Pas moins de 541 anciens harraga ont été pris en charge par les services sociaux de la wilaya d’Aïn Témouchent et dirigés en 2008 sur les services de l’ANEM, l’ANSEJ, la CNAC et l’ANGEM, pour les aider à créer leurs projets et leur faire passer le goût de l’aventure et de ses risques. Le phénomène de l’émi-gration clandestine, via la voie maritime, a pratiquement disparu à l’échelle de la wilaya d’Aïn Témouchent, à en croire les services de sécurité compétents et les échos recueillis au sein de la population juvénile. L’atténuation que l’on espère voir se poursuivre, pour ce phénomène, serait due à deux dispositifs mis en place par les services compétents. Le premier est d’ordre répressif voire dissuasif, qui fait que toutes les plages de la façade maritime témouchentoise sont surveillées de jour comme de nuit, par des patrouilles de la garde communale, assistées par les éléments de la gendarmerie, de la sûreté de wilaya et des gardes-côtes de la marine nationale. Le second est d’ordre socioéconomique, dans la mesure où la wilaya de Aïn Témouchent connaît une dynamique sensible créatrice d’emplois rémunérateurs. Il faut dire que de nombreux chantiers ont recruté une importante population juvénile, tous grades et qualifications confondus, y compris des jeunes sans savoir-faire.
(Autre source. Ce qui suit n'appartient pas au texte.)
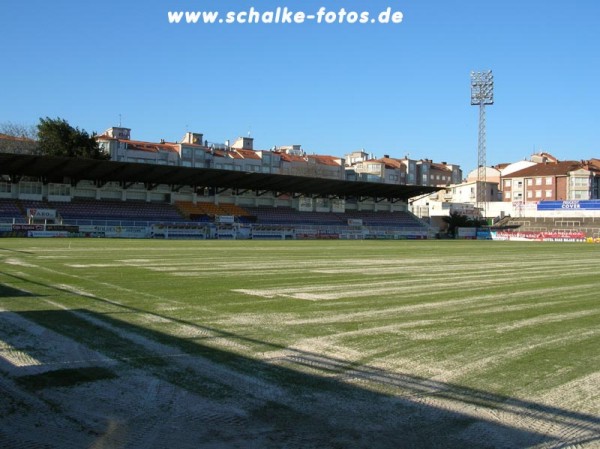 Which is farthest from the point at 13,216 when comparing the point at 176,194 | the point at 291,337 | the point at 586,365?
the point at 586,365

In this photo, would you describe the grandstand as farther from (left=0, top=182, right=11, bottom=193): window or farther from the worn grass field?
the worn grass field

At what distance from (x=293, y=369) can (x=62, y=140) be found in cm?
7314

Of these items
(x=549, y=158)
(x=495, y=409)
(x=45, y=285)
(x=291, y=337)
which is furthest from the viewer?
(x=549, y=158)

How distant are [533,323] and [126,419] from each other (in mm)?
Result: 7804

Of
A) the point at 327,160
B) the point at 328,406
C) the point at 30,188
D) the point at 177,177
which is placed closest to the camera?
the point at 328,406

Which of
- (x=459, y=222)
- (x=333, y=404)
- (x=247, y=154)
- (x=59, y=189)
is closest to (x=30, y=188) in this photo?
(x=59, y=189)

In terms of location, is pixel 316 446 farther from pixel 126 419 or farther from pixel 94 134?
pixel 94 134

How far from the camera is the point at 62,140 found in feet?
236

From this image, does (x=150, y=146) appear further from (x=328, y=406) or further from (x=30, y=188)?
(x=328, y=406)

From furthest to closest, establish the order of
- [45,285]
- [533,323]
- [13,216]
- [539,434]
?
[13,216] < [45,285] < [533,323] < [539,434]

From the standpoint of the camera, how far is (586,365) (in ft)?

A noter par ailleurs, que les informations parvenues de l’autre rive méditerranéenne démontrent clairement, que l’Eldorado tant rêvé n’est pas si doré que cela. Pire, des milliers de jeunes Algériens, émigrés clandestins ou faisant partie de la 3ème génération, vivent la galère au quotidien à l’étranger, où ils sont exposés à tous les risques de l’exclusion, de l’exploitation, du racisme et de la drogue.
Et quand ils se font assister par des pseudo bonnes âmes, c’est pour se retrouver embarqués dans des affaires de terrorisme, de grand banditisme ou de narcotrafic à grande échelle. C’est du moins les échos que reçoivent 5/5 nos jeunes de la part de ceux qui ont été refoulés de là-bas, après avoir été parqués dans des centres de «rétention», formule édulcorante des sinistres camps de concentration ouverts par l’armée coloniale en Algérie, durant la guerre de Libération. Comme quoi, les méthodes changent, mais l’esprit demeure… Autant dire que tous ces jeunes refoulés et ceux qui crient leur misère de là-bas, via le téléphone portable ou Internet, auront contribué avec les médias lourds la parabole aidant, à éveiller les consciences de leurs frères restés au pays.
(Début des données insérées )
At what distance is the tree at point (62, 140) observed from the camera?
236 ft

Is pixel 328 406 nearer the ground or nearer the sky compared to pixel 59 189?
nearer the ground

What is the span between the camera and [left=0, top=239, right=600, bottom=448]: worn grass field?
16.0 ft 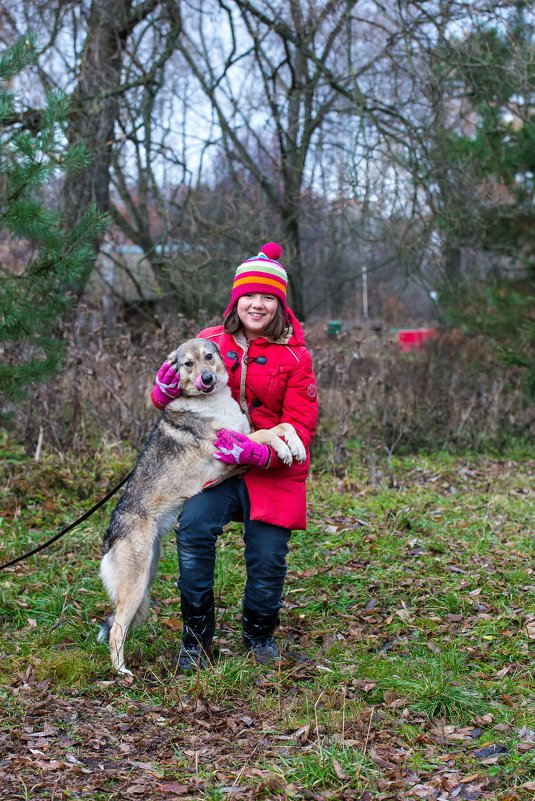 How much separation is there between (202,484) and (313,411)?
2.17 ft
Cependant l’opinion publique se demande où en est l’action des pouvoirs publics, pour rassurer ces victimes de l’émigration clandestine. Parmi elles, des jeunes qui ont tenté de créer leur propre association pour leur défense et leur réintégration socioéconomique. Selon le rapport de la direction de l’Action sociale, qui a pris en charge pas moins de 451 jeunes Témouchentois, entrant dans cette frange de refoulés, ses services les ont orientés vers les dispositifs étatiques. Parmi eux, 41 ont été dirigés sur la CNAC, 115 sur l’ANEM, 152 sur l’ANSEJ et 143 sur l’ANGEM, et ce, durant la seule année 2008.
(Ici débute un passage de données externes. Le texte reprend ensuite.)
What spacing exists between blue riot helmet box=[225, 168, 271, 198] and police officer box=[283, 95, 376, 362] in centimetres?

A la lecture de ce rapport, c’est la daïra d’El-Amria qui occupe la première position avec 91 jeunes anciens Harraga. Un nombre qui s’explique par ses plages dépourvues à l’époque de toute surveillances et par la complicité des pêcheurs en possession de barques et qui s’en défaisaient à prix d’or. Vient ensuite, la daïra d’Aïn Témouchent, avec 64 cas dont 45 reviennent à la seule et sensible commune de Sidi Ben Adda.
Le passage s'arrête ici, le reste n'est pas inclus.